121793 - RFE: Save complete webpage in one file using data: protocol (RFC 2397)

Reporter

Description

•

23 years ago

Thanks to XML data source syntaxis, it's possible saving HTML document with images, embeds, external styles and scripts in one file. This can be made via Base64 encoding and using "data:" protocol. This option would be third point of drop down menu in "Save as" dialog, for example: Save file as type: Web page, complete, with separate files (*.htm, *.html) Web page, complete, in one whole file (*.htm, *.html) Web page, HTML only (*.htm, *.html) See demonstration of image embedding in attachment.

Manko

Reporter

Comment 1

•

23 years ago

Attached file Demonstration of embedding GIF image directly in document — Details

Markus Gerstel

Comment 2

•

23 years ago

This isn't XHTML-specific. NS4.x knows inline images as well

OS: Windows 2000 → All

Hardware: PC → All

Manko

Reporter

Comment 3

•

23 years ago

Yes, it's right :) But this is standart XML feature.

OS: All → Windows 2000

Hardware: All → PC

Manko

Reporter

Updated

•

23 years ago

OS: Windows 2000 → All

Hardware: PC → All

Markus Gerstel

Comment 4

•

23 years ago

IE doesn't show the image. Valid RFE anyway.

Status: UNCONFIRMED → NEW

Ever confirmed: true

xyzzy

Comment 5

•

23 years ago

Is this the same as bug 40873?

Boris Zbarsky [:bzbarsky]

Comment 6

•

23 years ago

It is. There is no reason to make up our own format when there is a standard format for this. *** This bug has been marked as a duplicate of 40873 ***

Status: NEW → RESOLVED

Closed: 23 years ago

Resolution: --- → DUPLICATE

Manko

Reporter

Comment 7

•

23 years ago

No, in bug 40873 offering to use multipart MIME HTML documents with boundaries. But in this case, I propose to use XML "data:" protocol, without breaking document to parts. This feature allows to get fully W3C standart compliant document, which can be opened with any standart browser, placed to Web server etc. I think, this is more advanced and useful technology in comparison with MHTML.

Markus Gerstel

Comment 8

•

23 years ago

This isn't about RFC 2557, but RFC 2397. It's either wontfix or new, but it's not a duplicate.

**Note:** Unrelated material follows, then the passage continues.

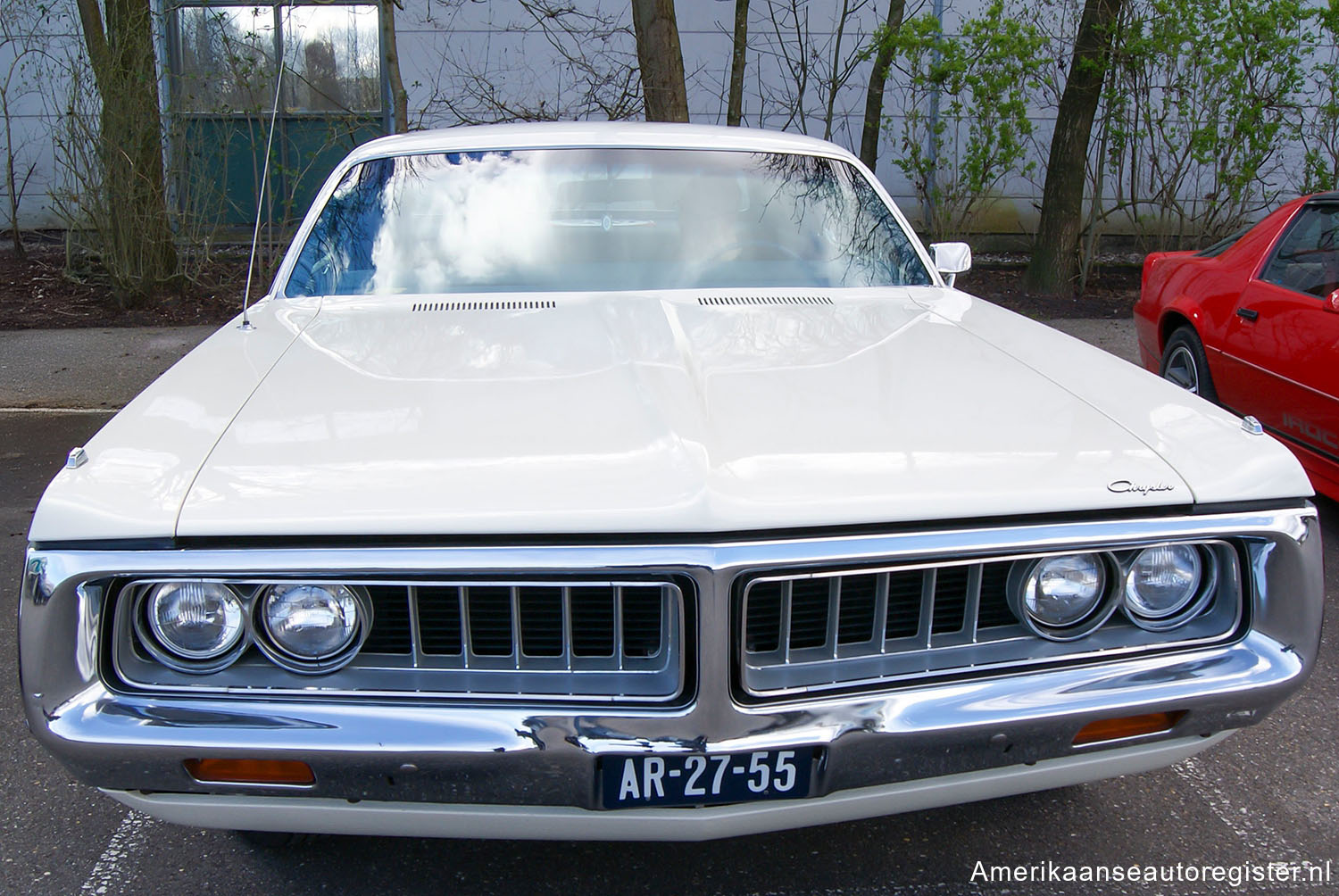 Chrysler Newport uit 1972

Status: RESOLVED → REOPENED

Resolution: DUPLICATE → ---

Summary: It's possible to save complete page with all embedded external objects as one whole file. → RFE: Save as RFC 2397 HTML; complete webpage in one file

Boris Zbarsky [:bzbarsky]

Comment 9

•

23 years ago

Ah. Ok, I had misunderstood... A point of reference (from rfc 2397): The "data:" URL scheme is only useful for short values. Note that some applications that use URLs may impose a length limit; for example, URLs embedded within <A> anchors in HTML have a length limit determined by the SGML declaration for HTML [RFC1866]. The LITLEN (1024) limits the number of characters which can appear in a single attribute value literal, the ATTSPLEN (2100) limits the sum of all lengths of all attribute value specifications which appear in a tag, and the TAGLEN (2100) limits the overall length of a tag. Thus if we do this we have to be careful to only offer it as an option in cases when all the linked content is smaller than the relevant limits.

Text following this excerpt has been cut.